**TASK TO CARRY OUT:** Lines in the listing below that contain the string "Grey" are to be found and copied.

**PROVIDED MATERIAL:**
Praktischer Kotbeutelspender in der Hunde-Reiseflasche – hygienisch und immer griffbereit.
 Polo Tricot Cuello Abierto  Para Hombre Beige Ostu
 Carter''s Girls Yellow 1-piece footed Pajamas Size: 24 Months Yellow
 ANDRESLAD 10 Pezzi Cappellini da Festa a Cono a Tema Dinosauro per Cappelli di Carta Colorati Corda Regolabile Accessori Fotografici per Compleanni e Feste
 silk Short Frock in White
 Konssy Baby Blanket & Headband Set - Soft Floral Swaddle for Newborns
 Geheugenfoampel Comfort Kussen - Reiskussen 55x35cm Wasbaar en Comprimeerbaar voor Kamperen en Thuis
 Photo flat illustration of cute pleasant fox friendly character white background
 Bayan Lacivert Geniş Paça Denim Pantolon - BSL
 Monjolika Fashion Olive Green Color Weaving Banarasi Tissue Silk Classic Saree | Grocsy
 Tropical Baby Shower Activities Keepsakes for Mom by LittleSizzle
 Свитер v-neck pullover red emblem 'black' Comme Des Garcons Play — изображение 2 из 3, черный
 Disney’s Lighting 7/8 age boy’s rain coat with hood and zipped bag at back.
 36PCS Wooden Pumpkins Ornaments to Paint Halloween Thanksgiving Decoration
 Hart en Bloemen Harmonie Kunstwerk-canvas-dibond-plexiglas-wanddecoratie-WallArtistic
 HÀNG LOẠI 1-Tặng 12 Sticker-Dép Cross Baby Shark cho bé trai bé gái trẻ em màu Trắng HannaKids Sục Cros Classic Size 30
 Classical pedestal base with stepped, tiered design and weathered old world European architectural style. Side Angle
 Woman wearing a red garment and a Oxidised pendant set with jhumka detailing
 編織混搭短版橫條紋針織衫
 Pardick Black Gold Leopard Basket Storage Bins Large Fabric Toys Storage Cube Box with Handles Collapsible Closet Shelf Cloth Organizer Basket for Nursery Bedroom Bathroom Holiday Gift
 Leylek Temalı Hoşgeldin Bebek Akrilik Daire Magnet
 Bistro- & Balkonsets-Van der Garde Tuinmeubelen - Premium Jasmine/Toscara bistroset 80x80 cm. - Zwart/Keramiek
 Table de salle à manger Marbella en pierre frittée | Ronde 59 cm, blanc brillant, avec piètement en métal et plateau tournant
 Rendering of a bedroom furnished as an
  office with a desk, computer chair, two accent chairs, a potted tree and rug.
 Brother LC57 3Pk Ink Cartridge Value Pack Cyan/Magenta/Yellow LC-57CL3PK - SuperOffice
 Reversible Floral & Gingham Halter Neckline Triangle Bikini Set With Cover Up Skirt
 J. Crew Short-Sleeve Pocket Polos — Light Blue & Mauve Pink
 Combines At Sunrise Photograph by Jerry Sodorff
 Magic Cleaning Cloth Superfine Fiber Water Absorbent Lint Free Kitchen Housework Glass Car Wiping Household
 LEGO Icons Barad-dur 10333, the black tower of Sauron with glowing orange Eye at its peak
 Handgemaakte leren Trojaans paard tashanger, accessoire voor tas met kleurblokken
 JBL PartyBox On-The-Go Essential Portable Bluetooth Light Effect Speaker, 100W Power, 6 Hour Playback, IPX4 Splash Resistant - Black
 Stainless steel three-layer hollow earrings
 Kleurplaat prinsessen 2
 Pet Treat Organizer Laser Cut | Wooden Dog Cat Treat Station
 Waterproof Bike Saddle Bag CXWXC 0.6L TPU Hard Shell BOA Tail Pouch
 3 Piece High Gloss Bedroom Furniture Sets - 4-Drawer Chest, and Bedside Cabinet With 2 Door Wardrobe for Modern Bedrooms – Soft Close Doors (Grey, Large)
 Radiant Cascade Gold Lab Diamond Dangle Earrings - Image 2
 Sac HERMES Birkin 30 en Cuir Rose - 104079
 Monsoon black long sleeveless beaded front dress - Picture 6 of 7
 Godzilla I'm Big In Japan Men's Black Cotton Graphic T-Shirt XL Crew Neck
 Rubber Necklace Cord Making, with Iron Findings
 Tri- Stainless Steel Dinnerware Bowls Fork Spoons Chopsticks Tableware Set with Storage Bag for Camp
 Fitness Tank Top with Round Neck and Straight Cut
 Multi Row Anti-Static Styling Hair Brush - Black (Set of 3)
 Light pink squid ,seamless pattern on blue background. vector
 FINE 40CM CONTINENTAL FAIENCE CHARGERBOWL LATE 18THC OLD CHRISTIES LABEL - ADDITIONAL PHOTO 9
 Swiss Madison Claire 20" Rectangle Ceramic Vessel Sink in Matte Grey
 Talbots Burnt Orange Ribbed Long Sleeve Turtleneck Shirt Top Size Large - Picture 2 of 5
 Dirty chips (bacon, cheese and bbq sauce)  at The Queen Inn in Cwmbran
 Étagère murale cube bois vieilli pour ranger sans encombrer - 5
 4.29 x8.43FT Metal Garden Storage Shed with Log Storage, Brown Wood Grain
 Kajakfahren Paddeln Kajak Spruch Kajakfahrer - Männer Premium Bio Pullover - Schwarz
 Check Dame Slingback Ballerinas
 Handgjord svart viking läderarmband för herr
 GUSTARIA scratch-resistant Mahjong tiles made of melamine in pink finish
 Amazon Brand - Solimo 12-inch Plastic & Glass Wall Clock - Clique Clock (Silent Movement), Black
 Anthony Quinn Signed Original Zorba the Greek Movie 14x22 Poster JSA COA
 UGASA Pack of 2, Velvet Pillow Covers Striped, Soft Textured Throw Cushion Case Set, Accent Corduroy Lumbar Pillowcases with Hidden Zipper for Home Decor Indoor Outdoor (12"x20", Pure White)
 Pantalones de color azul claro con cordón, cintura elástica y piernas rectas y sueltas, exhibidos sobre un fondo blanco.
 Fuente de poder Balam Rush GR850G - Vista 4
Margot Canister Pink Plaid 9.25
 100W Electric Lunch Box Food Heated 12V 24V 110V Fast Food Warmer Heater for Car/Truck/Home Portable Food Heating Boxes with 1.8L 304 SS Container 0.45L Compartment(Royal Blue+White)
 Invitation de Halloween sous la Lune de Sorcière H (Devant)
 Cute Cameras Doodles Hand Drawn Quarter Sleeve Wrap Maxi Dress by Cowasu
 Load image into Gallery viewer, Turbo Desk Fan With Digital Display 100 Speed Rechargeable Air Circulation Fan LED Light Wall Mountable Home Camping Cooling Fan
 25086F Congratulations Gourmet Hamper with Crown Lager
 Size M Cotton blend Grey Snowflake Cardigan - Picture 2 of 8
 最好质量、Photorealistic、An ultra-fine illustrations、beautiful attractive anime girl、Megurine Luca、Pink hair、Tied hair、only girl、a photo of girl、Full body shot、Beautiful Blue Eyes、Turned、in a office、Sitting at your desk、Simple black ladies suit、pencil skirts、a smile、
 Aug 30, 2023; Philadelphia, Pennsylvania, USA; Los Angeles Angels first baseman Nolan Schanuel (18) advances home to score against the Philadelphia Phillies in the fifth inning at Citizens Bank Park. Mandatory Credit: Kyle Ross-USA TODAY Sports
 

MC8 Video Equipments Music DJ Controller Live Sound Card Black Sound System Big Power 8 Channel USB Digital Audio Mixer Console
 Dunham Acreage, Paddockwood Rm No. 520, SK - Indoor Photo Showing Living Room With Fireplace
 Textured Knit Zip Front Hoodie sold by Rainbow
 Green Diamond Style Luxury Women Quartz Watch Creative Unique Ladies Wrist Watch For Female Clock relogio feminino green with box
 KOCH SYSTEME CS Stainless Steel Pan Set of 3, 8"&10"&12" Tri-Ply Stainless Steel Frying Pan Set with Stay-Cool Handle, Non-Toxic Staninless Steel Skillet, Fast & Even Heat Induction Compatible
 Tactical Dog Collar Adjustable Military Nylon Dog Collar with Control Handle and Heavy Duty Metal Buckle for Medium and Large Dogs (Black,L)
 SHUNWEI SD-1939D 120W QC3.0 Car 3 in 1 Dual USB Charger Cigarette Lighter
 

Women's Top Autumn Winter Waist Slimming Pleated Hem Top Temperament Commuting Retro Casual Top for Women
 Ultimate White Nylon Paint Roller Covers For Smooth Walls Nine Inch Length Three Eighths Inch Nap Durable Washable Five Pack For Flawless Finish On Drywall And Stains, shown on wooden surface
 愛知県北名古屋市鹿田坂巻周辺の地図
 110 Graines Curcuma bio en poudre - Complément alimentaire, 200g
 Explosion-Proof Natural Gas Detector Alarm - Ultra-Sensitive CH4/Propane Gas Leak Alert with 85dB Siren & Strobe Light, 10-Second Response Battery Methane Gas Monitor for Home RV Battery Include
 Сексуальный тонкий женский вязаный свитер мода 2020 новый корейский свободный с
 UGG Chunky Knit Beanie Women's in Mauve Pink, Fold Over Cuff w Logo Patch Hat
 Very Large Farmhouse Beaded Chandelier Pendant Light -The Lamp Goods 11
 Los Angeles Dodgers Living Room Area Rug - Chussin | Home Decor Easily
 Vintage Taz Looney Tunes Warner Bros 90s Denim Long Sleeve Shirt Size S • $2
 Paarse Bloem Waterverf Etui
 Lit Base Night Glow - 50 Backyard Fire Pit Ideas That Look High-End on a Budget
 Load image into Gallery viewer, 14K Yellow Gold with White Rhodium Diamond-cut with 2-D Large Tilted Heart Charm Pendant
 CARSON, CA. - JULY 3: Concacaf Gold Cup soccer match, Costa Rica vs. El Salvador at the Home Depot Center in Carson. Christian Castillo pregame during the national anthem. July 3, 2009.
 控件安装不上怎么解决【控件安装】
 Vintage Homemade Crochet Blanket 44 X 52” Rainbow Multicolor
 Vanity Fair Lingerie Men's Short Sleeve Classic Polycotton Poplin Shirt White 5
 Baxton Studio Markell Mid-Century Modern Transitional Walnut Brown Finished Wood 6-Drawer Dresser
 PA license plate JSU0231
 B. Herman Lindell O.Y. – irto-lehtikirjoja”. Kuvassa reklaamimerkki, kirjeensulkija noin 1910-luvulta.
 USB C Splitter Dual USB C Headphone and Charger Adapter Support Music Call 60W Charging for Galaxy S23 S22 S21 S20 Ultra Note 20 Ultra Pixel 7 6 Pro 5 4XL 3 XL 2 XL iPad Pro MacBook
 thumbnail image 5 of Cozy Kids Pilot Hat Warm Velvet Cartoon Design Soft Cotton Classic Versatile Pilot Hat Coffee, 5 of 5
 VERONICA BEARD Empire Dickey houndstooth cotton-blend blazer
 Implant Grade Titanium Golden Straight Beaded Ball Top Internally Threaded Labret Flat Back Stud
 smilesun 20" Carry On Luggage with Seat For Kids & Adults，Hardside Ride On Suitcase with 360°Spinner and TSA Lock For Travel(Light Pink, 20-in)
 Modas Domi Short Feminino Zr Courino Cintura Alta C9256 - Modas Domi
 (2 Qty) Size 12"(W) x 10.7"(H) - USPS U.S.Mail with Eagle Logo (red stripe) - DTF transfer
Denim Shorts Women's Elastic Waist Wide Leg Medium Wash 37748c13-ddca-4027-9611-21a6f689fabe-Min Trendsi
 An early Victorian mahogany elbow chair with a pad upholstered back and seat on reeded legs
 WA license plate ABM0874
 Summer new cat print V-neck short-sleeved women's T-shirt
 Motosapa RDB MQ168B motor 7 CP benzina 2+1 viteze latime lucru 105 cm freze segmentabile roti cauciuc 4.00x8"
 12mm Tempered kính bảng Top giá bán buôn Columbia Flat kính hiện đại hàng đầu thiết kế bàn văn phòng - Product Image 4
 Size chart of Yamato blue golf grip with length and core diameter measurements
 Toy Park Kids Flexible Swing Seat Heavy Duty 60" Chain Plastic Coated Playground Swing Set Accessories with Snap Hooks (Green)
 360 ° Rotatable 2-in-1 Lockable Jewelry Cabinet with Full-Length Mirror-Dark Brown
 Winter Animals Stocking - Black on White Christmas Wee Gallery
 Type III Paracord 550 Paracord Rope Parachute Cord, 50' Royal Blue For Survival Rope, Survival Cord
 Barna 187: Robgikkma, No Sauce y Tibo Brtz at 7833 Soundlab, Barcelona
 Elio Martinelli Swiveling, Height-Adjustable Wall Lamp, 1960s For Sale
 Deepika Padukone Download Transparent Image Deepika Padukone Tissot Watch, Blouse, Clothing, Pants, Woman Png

**SOLUTION FOR THIS TASK:**
 3 Piece High Gloss Bedroom Furniture Sets - 4-Drawer Chest, and Bedside Cabinet With 2 Door Wardrobe for Modern Bedrooms – Soft Close Doors (Grey, Large)
 Swiss Madison Claire 20" Rectangle Ceramic Vessel Sink in Matte Grey
 Size M Cotton blend Grey Snowflake Cardigan - Picture 2 of 8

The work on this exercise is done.